Маркс: В лице обвиняемых перед господствующими классами, представленными судом присяжных, стоял безоружный революционный пролетариат; обвиняемые были, следовательно, заранее осуждены уже потому, что они предстали перед этим судом присяжных. Если что и могло на один момент поколебать буржуазную совесть присяжных, как оно поколебало общественное мнение, то это — обнаженная до конца правительственная интрига, растленность прусского правительства, которая раскрылась перед их глазами. Но если прусское правительство применяет по отношению к обвиняемым столь гнусные и одновременно столь рискованные методы, — сказали себе присяжные, — если оно, так сказать, поставило на карту свою европейскую репутацию, в таком случае обвиняемые, как бы ни была мала их партия, должно быть, чертовски опасны, во всяком случае их учение, должно быть, представляет большую силу.
…Несколько мыслей, родившихся, может быть, в один час и выхваченных из бесконечного потока, — всего несколько мыслей, но за ними целые жизни — противостоящие концепции, полярные нравственные позиции. Замирающему от юродствующего блаженства низвергателю, которому «нигде не было так хорошо», как в «Петропавловской крепости», и он молит бога, чтобы тот помог «всякому свободному человеку найти такого доброго, такого человеколюбивого начальника», которого он нашел в заключении, «к своему великому счастью», — такому человеку, если он чуть-чуть будет искренен с собой, никогда не хватит решимости произнести: счастье — это борьба.
Хотя он по-своему борется и очень преуспевает в своей мистификации борьбы. Умрет Николай, которого Бакунин не разжалобил, он напишет его сыну — царю Александру такую же философскую челобитную и выйдет из крепости, получит свидетельство на жизнь в Сибири, купит домик, устроится писарем, женится на молодой польке; потом переберется в город, поступит на службу к золотопромышленнику, сдружится с губернатором-кузеном, выправит документы и драпанет через Японию, Америку прямо в европейские салоны. И уж на этот раз развернется — трепещите, тираны, берегись, Интернационал!
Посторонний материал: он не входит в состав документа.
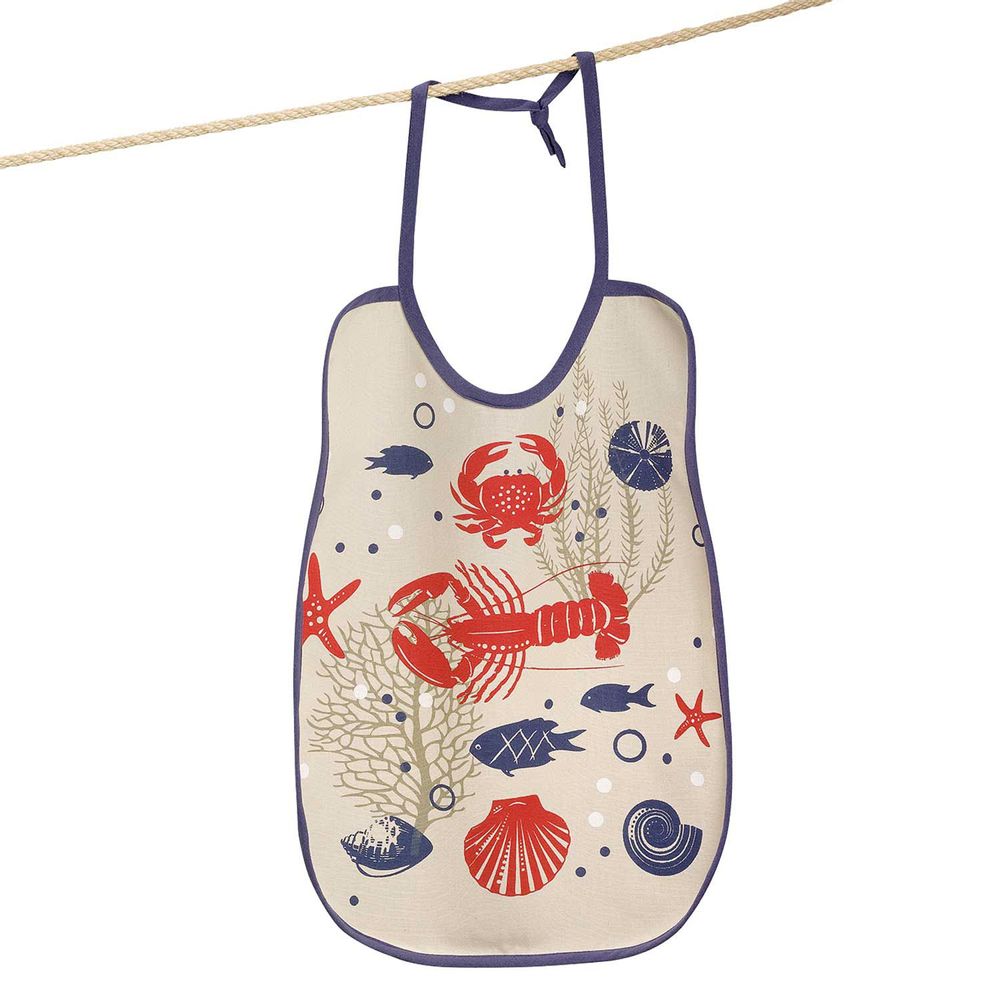 Children's mealtime - Bib Yarn Dyed & Printed Crustaces Ficelle 40 X 55 - MAISON VIVARAISE – SDE VIVARAISE WINKLER
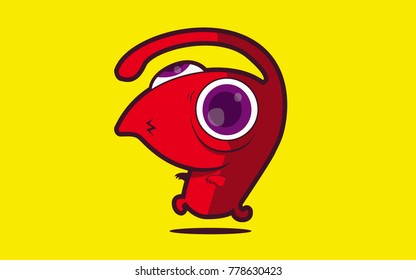 Freestyle cute alien cartoon vector.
И у него начнется новый приступ, по меткому выражению Герцена, «чесотки революционной деятельности». Он возьмется теперь уже за самого бога, призывая к низвержению религии. Будет предрекать революционные потрясения, декретировать стратегию и тактику социальных битв и смехотворно провалится при первой же попытке реализовать свою методологию в восставшем Лионе. Он придет в Коммунистический Интернационал, с тем чтобы торпедировать его, узурпировать партийную власть, будет строго судим судом революционной чести и наконец изгнан из рядов Товарищества.